> _Records supplied_:
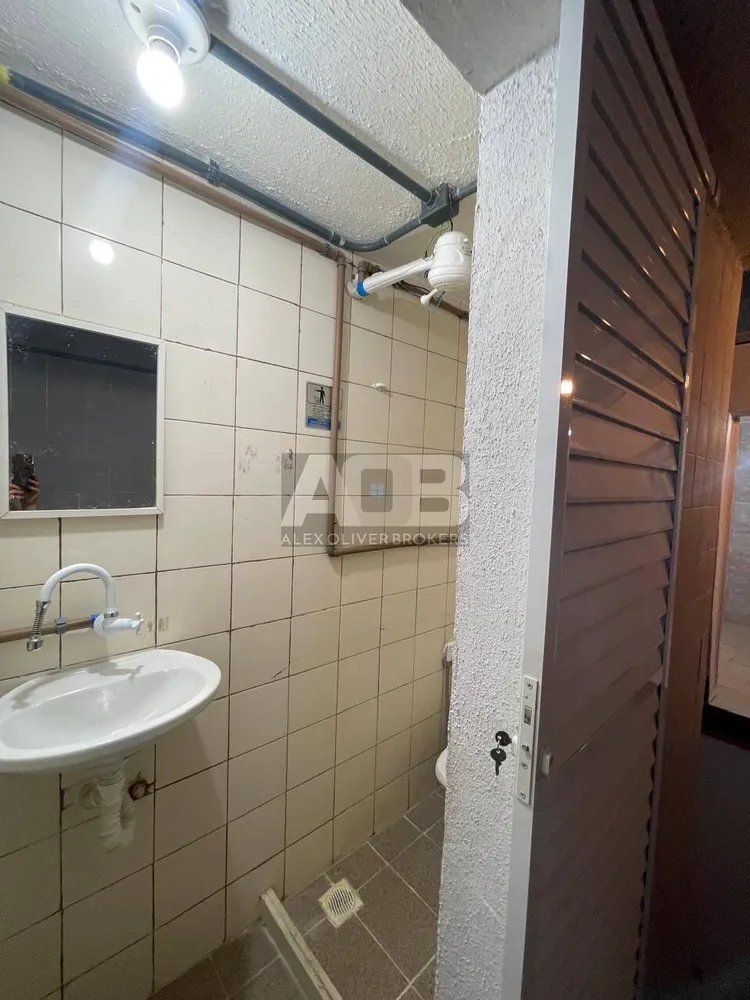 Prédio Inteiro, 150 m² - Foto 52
==
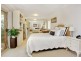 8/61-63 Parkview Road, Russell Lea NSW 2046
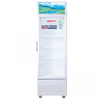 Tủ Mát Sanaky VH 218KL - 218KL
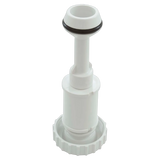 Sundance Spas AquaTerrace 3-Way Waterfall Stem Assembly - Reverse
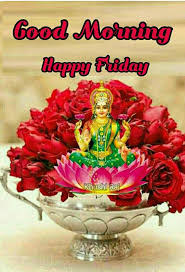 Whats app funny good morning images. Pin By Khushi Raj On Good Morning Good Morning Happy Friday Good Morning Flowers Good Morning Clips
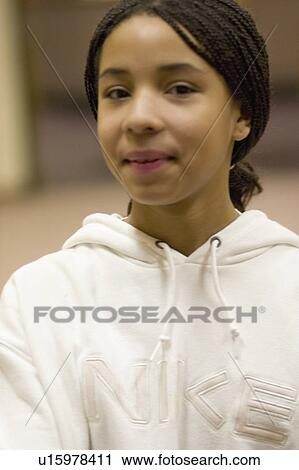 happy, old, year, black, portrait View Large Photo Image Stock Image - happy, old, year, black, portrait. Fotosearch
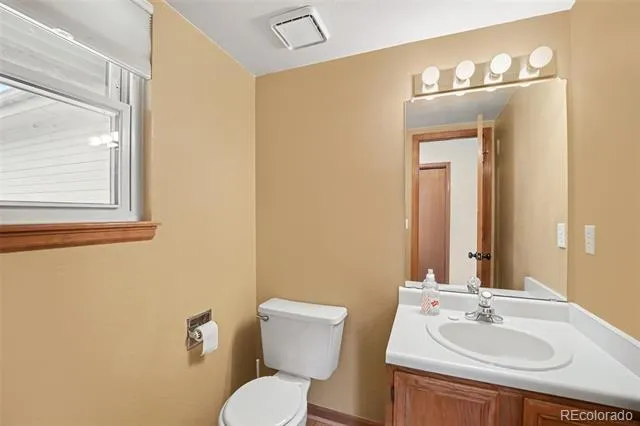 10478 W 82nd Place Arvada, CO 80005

> _Task prompt_:
Return the material from the line containing "8/61-63 Parkview Road, Russell Lea NSW 2046" through the line containing "10478 W 82nd Place Arvada, CO 80005", exactly and in full, but without its pictures.

> _Output_:
 8/61-63 Parkview Road, Russell Lea NSW 2046
 Tủ Mát Sanaky VH 218KL - 218KL
 Sundance Spas AquaTerrace 3-Way Waterfall Stem Assembly - Reverse
 Whats app funny good morning images. Pin By Khushi Raj On Good Morning Good Morning Happy Friday Good Morning Flowers Good Morning Clips
 happy, old, year, black, portrait View Large Photo Image Stock Image - happy, old, year, black, portrait. Fotosearch
 10478 W 82nd Place Arvada, CO 80005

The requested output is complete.